▶ _EXERCISE DIRECTIONS_:
Please write out every line of the listing without alteration, but omit the images.
*** RECORDED DATA ***
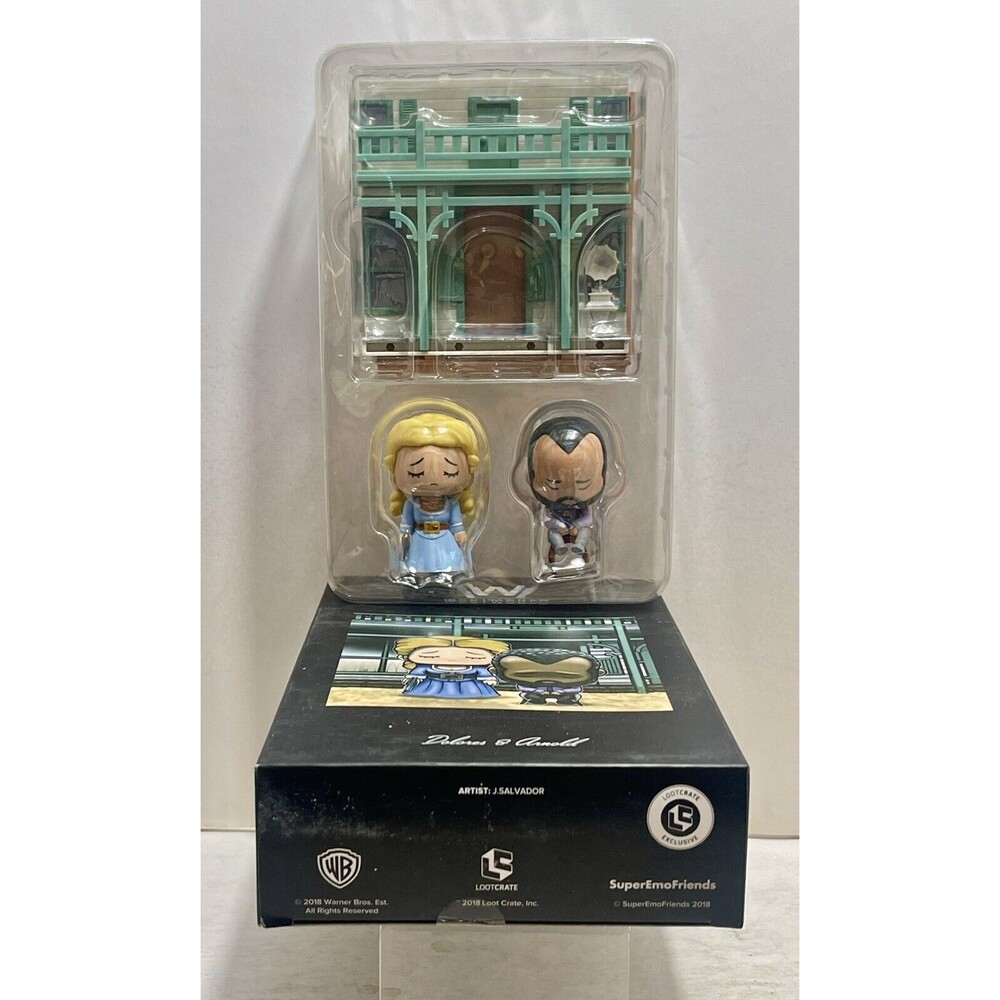 Loot Crate Westworld Dolores & Arnold Brand New in Original Packaging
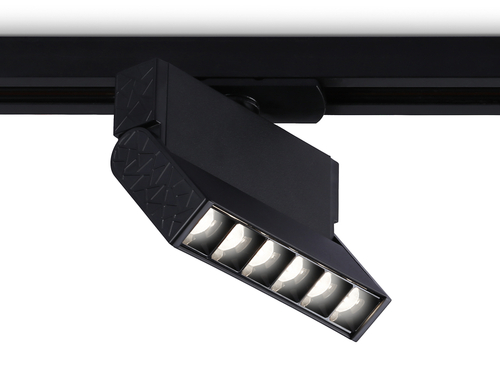 Светильник светодиодный трековый GL6814 BK черный LED 6W 4200K 24° 115*22*87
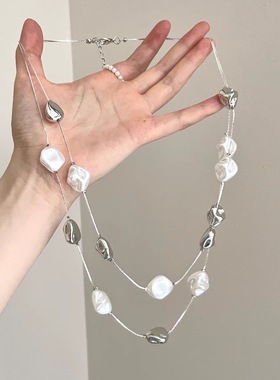 Vintage古着 Baroque stone beading art项链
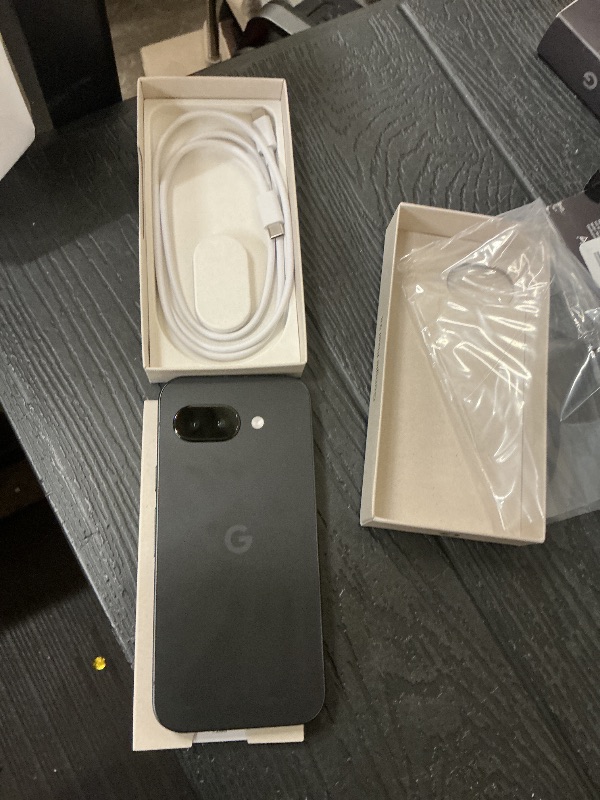 Photo 1 of Google Pixel 9a with Gemini - Unlocked Android Smartphone with Incredible Camera and AI Photo Editing, All-Day Battery, and Powerful Security - Obsidian - 128 GB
*** End of RECORDED DATA ***
▶ _RESPONSE BOX_:
 Loot Crate Westworld Dolores & Arnold Brand New in Original Packaging
 Светильник светодиодный трековый GL6814 BK черный LED 6W 4200K 24° 115*22*87
 Vintage古着 Baroque stone beading art项链
 Photo 1 of Google Pixel 9a with Gemini - Unlocked Android Smartphone with Incredible Camera and AI Photo Editing, All-Day Battery, and Powerful Security - Obsidian - 128 GB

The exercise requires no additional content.